Recently astronomers have discovered Jupiter-sized planets orbiting at extremely large distances from giant stars. How can these stars end up with such big planets at such extreme orbits? A team of researchers has proposed that the answer is that the stars steal those planets from their neighbors.
Giant stars have a lot of trouble forming very massive planets. Even though there’s a lot of material in their protoplanetary disks that is more than happy to agglomerate to form heavy planets, the stars themselves are not very good at nurturing those newborn planets. The stars give off such intense amounts of UV radiation that they can boil away all the hydrogen and helium throughout their systems, preventing planets from getting to the size of Jupiter or larger.
And yet despite that very clear line of thinking, astronomers with the BEAST (B-star Exoplanet Abundance STudy) collaboration at the University of Sheffield have identified exactly that scenario: Jupiter-size planets orbiting giant stars. More intriguingly, these planets orbit hundreds of times further away from their stars than the Earth does from the Sun.

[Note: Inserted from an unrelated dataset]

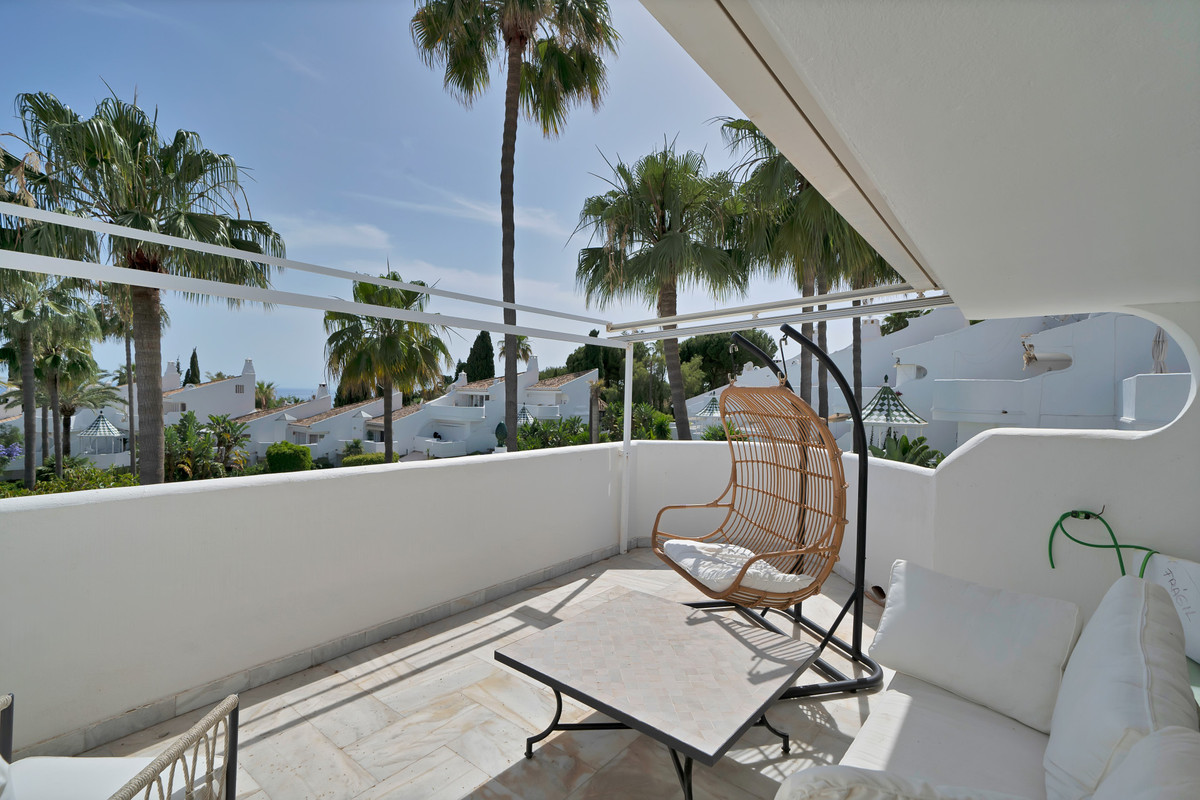 4 Bed Townhouse for sale in The Golden Mile Costa Del Sol, Málaga, Spain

As Dr. Richard Parker, a Lecturer in Astrophysics in the University of Sheffield’s Department of Physics and Astronomy, explained, “The BEAST collaboration has discovered at least two super-Jovian planets orbiting massive stars. Whilst planets can form around massive stars, it is hard to envisage gas giant planets like Jupiter and Saturn being able to form in such hostile environments, where radiation from the stars can evaporate the planets before they fully form.”
One way to explain this discrepancy is if those planets didn’t form with the stars that they currently orbit, as researchers at the University of Sheffield recently found.
Dr Emma Daffern-Powell, co-author of the study from the University of Sheffield’s Department of Physics and Astronomy, explained, “Our previous research has shown that in stellar nurseries stars can steal planets from other stars, or capture what we call ‘free-floating’ planets. We know that massive stars have more influence in these nurseries than Sun-like stars, and we found that these massive stars can capture or steal planets – which we call ‘BEASTies’.”
Stars tend to form in clusters, all sharing the same parent gas cloud which fragments into dozens or even hundreds of stars at once. With their larger gravity, the massive stars are perfectly capable of ripping planets away from their neighboring systems and capturing them into orbits of their own.
“Essentially, this is a planetary heist. We used computer simulations to show that the theft or capture of these BEASTies occurs on average once in the first 10 million years of the evolution of a star-forming region,” said Daffern-Powell.
The researchers studied extensive simulations and found that this was indeed a plausible scenario. We still don’t know how common planetary theft is throughout the galaxy, or if it’s just confined to this very special case. Further detective work is definitely needed.